Batalia o to, czy spis treści powinien znajdować się na początku, czy może na końcu książki trwa nieustannie i jest bardzo zacięta. Ja opowiadam się za umieszczaniem spisu treści na początku, niestety w Sopotach jest dokładnie odwrotnie, co dla mnie stanowi jedyną wadę tej książki. Bo jak spis treści z tak ciekawie brzmiącymi nazwami rozdziałów umieszczać na końcu! Patelnia, Kolebka, Falbanki, Rewolwerowcy, Od nowa, Kombinaty, Ponurość, Tort, Widokówki, Disneyland – już same tytuły rozdziałów przyciągają nas do lektury. Ich różnorodność jest bardzo adekwatna, bo taka też jest ta książka i taki jest sam Sopot, którego obraz maluje nam autor.

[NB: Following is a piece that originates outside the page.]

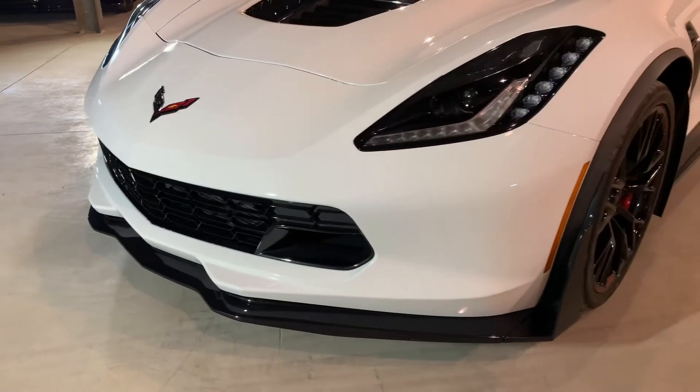We've got the Z07 track package, carbon ceramics — a huge performance upgrade. We've got it here at Gold Motor Garage. You can give us a call at 519-755-5523 or visit us online at www.GoldMotorGarage.com.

Początkowo obawiałam się, że historię z życia osobistego Tomasza Słomczyńskiego będą tylko niepotrzebnym dodatkiem do treści książki. Nic bardziej mylnego. Podczas lektury chciałam przede wszystkim zgłębić historię Sopotu, nieco więcej dowiedzieć się o mieście tak popularnym wśród Polaków. Autor staje na wysokości zadania, wciela się w naprawdę dobrze przygotowanego przewodnika, opowiadając nam o Sopocie. Pojawiające się w treści historie z życia autora są za to doskonałym uzupełnieniem obrazu samego miasta, które przecież nie istniałoby bez ludzi tam mieszkających.

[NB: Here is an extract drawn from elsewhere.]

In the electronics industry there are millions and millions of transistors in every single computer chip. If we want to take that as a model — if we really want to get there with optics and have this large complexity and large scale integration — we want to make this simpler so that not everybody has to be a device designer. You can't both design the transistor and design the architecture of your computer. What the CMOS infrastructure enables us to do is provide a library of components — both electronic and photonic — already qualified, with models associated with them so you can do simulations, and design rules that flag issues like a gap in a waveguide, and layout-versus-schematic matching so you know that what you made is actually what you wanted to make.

Książka zaimponowała mi również ze względu na mnogość przypisów. Autor często powołuje się na głosy innych, szczególnie pisząc o historii miasta. Dokładnie sporządzone odnośniki stanowią dla mnie dowód rzetelności i upewniają, że to co czytam, jest dokładnie zweryfikowaną informacją. Dodatkowo Tomasz Słomczyński w Sopotach umieszcza wiele zdjęć z różnych okresów rozwoju miasta.

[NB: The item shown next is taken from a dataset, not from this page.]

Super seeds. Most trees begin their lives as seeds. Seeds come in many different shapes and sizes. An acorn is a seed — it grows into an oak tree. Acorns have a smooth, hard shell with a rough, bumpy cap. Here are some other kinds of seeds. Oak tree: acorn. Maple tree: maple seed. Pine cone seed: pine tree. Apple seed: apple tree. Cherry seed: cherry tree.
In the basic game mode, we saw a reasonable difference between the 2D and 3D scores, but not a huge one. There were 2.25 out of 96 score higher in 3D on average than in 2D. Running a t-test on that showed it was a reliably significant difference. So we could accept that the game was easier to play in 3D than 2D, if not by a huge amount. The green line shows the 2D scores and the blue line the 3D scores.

Absolutnie najpiękniejszym elementem Sopotów jest magiczny język. Autor wprost otula nas zdaniami, momentami pisze delikatnie, a innym razem krótkimi równoważnikami trafia w samo sedno. O Sopocie potrafi pisać nie tylko obrazowo, ale także nietypowo: „Wczoraj kładłem to miasto-kochankę do snu, gdzieś tam na Glinnej Górze, która teraz wznosi horyzont ponad Dom Zdrojowy, Monciak, wieżę kościoła Świętego Jerzego. Ludzie dawno już rozpoczęli nowy dzień, więc miasto w swoim niespiesznym tempie, zadowolone z siebie, zmierza w znanym tylko sobie kierunku. I nie pozostawia złudzeń, że pójdzie tam, gdzie zechce, i nikomu nic do tego, zrobi, jak uważa, nie oglądając się na żadne sentymenty.” To upersonifikowanie miasta, które pojawia się w Sopotach sprawia, że chce się spakować plecak, kupić bilet na pociąg i podać miastu rękę, wypić kawę, pogadać chwilę i niespiesznie wracać do siebie. Jak po rozmowie z dawnym, dobrym znajomym.